New York Gives Green Light to Drive-In Theaters Closed Amid Coronavirus

What’s going on with drive-in theaters? The majestic tradition that brought out millions of families across the mid-Atlantic and Northeast began to wane in the late 1980s.

By the 2000s, many drive-in operators were having to find new ways to keep their beloved traditions alive.

Some, however, were clearly doomed. The National Drive-In Theatre Association estimates that 63 drive-in theaters closed between 2006 and 2017.

The massive business model shift towards digital content distribution also further weakened the drive-in.

Then Coronavirus struck. It’s the virus that caused more than 3,400 people to contract the SARS virus, and 15 to die, in 2003.

Coronavirus was only a small part of the culprit for the modern decline of the drive-in, but it certainly exacerbated it. Coronavirus wiped out many of the traditional “practice” activities for the chain of theaters.

Current data on the issue from the Centers for Disease Control (CDC) suggests that around 90 percent of US drive-in screens closed between 2012 and 2017. But where does New York stand in this national snapshot?

According to a report from The New York Post, the 50 drive-ins that remain in New York State are only operating in one form or another. For some of these restaurants-cum-cinemas, they have simply closed down in favor of digital content.

When it comes to live-action family films, all of the ten theaters in the Southern Tier are one-of-a-kind, digital screened The Haunting of Hill House was the last family film to be shown in the region, at the Queens County Carousel in Westbury, New York on June 4.

Shots Fired and BlacKkKlansman were also last shown at the top of summer at the Carousel.

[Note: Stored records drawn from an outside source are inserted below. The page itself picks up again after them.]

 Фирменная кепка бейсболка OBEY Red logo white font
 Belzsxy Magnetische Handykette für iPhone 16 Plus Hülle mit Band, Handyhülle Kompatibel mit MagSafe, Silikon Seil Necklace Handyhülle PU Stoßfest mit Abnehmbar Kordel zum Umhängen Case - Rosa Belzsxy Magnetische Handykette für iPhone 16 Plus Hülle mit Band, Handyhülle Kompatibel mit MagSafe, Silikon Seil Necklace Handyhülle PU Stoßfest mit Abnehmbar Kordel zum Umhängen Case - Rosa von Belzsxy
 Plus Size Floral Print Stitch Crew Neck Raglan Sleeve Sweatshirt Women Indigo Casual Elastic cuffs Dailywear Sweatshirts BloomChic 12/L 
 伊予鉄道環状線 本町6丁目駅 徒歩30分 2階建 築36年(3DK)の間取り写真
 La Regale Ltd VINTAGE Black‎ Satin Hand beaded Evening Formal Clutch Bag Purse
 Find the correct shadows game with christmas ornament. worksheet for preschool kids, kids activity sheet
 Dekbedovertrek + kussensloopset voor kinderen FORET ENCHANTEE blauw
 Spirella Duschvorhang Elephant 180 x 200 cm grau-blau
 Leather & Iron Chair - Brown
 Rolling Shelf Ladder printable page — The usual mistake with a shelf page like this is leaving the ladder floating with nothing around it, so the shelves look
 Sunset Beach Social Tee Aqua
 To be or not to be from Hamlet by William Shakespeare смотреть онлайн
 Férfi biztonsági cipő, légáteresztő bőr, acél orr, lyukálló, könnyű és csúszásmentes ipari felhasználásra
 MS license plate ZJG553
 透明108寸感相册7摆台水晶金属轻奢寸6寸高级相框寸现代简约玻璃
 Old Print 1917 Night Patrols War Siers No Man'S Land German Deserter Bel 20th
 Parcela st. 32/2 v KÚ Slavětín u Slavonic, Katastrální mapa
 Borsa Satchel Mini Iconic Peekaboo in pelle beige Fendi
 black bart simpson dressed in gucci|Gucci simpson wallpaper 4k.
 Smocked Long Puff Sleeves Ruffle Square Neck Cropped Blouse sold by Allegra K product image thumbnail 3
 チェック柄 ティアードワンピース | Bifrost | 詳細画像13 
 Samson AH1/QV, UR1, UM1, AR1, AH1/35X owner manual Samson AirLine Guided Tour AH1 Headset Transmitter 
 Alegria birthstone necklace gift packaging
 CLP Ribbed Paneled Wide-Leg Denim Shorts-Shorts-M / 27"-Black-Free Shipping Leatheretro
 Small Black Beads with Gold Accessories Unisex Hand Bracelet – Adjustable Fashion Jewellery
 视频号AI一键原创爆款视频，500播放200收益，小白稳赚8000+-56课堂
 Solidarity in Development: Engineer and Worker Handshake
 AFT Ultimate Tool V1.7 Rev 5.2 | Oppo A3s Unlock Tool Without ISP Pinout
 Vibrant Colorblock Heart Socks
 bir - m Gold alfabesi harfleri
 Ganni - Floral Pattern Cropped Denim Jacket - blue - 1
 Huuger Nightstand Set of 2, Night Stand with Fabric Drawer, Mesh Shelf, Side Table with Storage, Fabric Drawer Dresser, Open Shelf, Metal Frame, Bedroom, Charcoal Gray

What could possibly remain of the drive-in business in the future?

The New York Times suggests that the trend may be towards the independent player, which allows films that are not available through the exhibitor multiplexes and the large digital choices to be seen in a personalized environment.

The recent documentary Fruitvale Station explored the true life story of Oscar Grant, an African-American man, who was shot and killed by a BART (Bay Area Rapid Transit) officer whilst in transit. Fruitvale Station has been shown at independent drive-in cinemas across the country, including Los Angeles, Houston, Atlanta, Orlando, Dallas, Pittsburgh, Las Vegas, and Washington, D.C.

What’s next for the drive-in business?

While none of the company’s theaters are consistently playing a family-friendly film, just over ten of them are currently showing some kind of first-run blockbuster to fill their winter months schedule.

The drive-in theaters participating in the drive-in pass program from NDTIA are Mom’s Mart, Cineplex, Warner Brothers, and Shentoland.

The rest of the theaters taking part in the New York State Model Drive-In Marketing program are Village Cinema, Cobble Hill Cinemas, Indian Village, Independent Drive-In, The Wegrassy Shoppe, the Movie Tavern, Hopwood Drive-In, Columbus Drive Drive-In, South Street Loews, and the Leo Theatre.